I'm trying to focus on ED recovery and over the last couple weeks I have connected so many things to my behaviors. It scared the crap out of me to see the connections and the panic attacks it was causing; so instead of quitting and running away from the uncomfortable feelings I reached out to my team and opened up for the first time ever about the issues related to my ED. Now I'm trying to deal with the guilt about opening up. Growing up we kept our feelings to ourselves. Everything was hush hush and kept quiet.
Big hugs to you for getting your feelings out! It's hard. I was raised that way too. But you never know who will relate to what you are feeling and perhaps lend an ear. Proud of you.
Your move sounds overwhelming! Actually two moves, right? Hope living with your parents goes well. Will that be an okay situation? Congratulations on selling your home so quickly! Yikes.
Post by phoenixrising on Apr 12, 2015 12:23:03 GMT -5
I also was raised in an environment where it was NOT okay to feel your emotions, and I never really had a safe place to go with difficult emotions until I met my therapist. My parents are not that, and my XH was not either.
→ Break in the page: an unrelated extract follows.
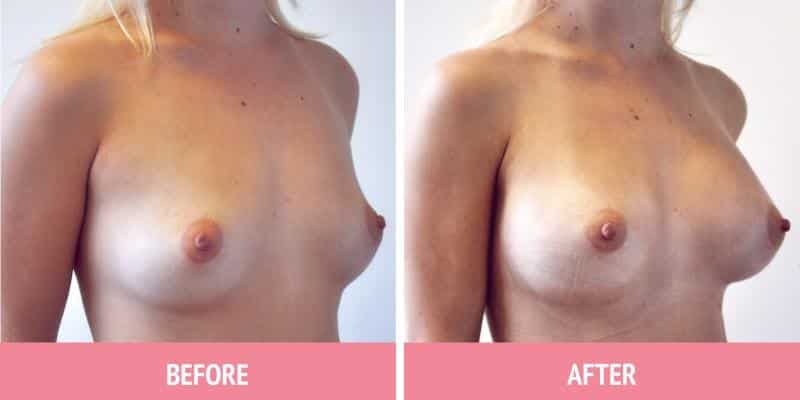 Breast Augmentation Surgery Sydney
And it's really only been in then last 2-3 months (after three years with the same therapist) that I have started doing that. So I cry in therapy all the time. My ED definitely developed as a way to manage emotions, and treatment for it scares the shit out of me because feeling my emotions is just scary and seems very unsafe to me. But I am working on it.
Glad to hear that you opened up. That is a very scary and brave thing to do. I also attend an ED group for adults and opened up to them a couple of weeks ago about how much I was struggling and was TERRIFIED. But they were awesome.